Modern operating systems are increasingly moving away from the syscall-at-a-time POSIX model towards shared-memory submission/completion queues like Linux's io_uring, Windows IoRing and macOS' various async interfaces. In my VMIL 2025 keynote at ICFP/SPLASH, I argued that it's time for language runtimes to treat these shared-memory rings as first-class citizens, with POSIX relegated to a compatibility backend.
Lean 4 is an interesting target for this kind of work because it is simultaneously a proof assistant and a practical programming language with its own runtime. Its IO story today is comparatively thin though as it leans (pun intended) on its C runtime for blocking file and socket operations. There is room to design a principled, verified async IO layer from scratch rather than retrofitting one.

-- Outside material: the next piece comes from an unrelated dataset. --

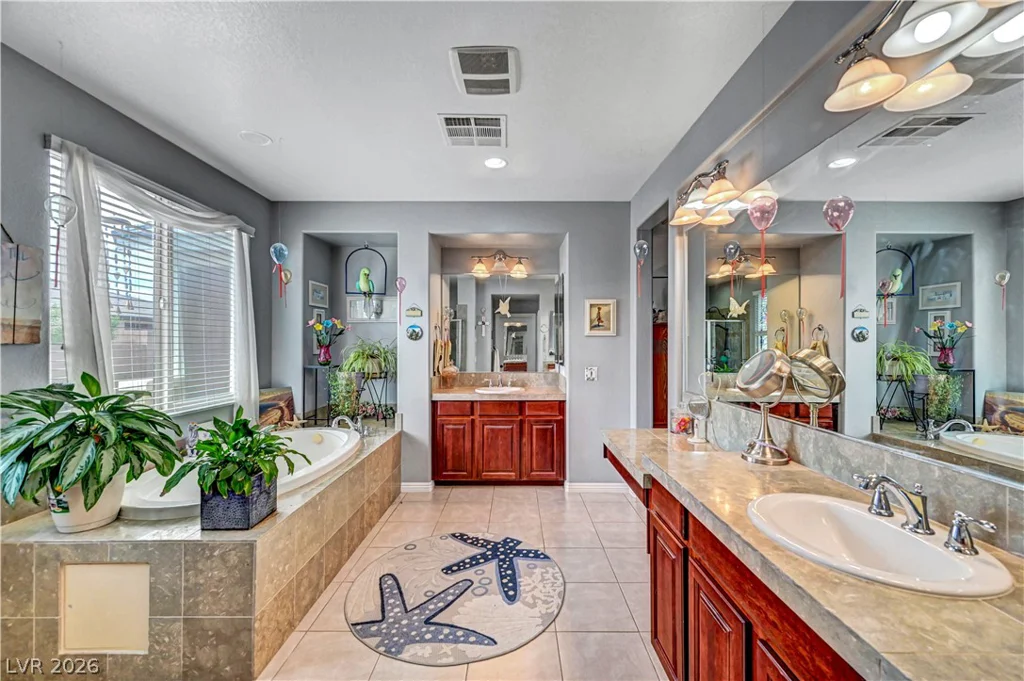 6937 Benson Ferry, Las Vegas, NV 89149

This project would design and implement an io_uring-backed IO subsystem for Lean. Most of the work will be specifying the submission/completion queue pair: a bounded, fixed-capacity, lock-free ring shared between a single producer (the Lean program submitting work) and a single consumer (the kernel completing it), with memory-ordering semantics that must be respected exactly for correctness. The student would:
- Model the ring structure. Define the submission queue (SQ) and completion queue
(CQ) as Lean data structures, with explicit head/tail indices, entry
layouts, and the subset of io_uring opcodes needed for a useful demo
(
read,write,accept,recv,send,close). - Specify concurrent semantics. Lean's existing concurrency story is
mostly sequential
IOwith a few task primitives. The project will almost certainly require defining novel abstractions for shared-memory concurrency like monotonic indices, release/acquire fences, and a story for reasoning about interleavings between kernel and user space. - Wire it into the Lean runtime. Use Lean's FFI to
mmapthe ring buffers, register file descriptors and driveio_uring_enter, exposing a clean high-level API (ideally something close to Eio'sFlow.copy) that hides the ring machinery behind typed resource handles. - Build a demo. A small HTTP echo server or parallel file copy that
demonstrates measurable throughput wins over a naive blocking-IO Lean
baseline, like the ocaml-uring parallel
cpexample.
The ambitious stretch goal is to prove the ring's key invariants inside Lean itself. There is growing expertise in Ilya Sergey's group at NUS (more here) on mechanised metatheory for concurrent data structures to ask for help!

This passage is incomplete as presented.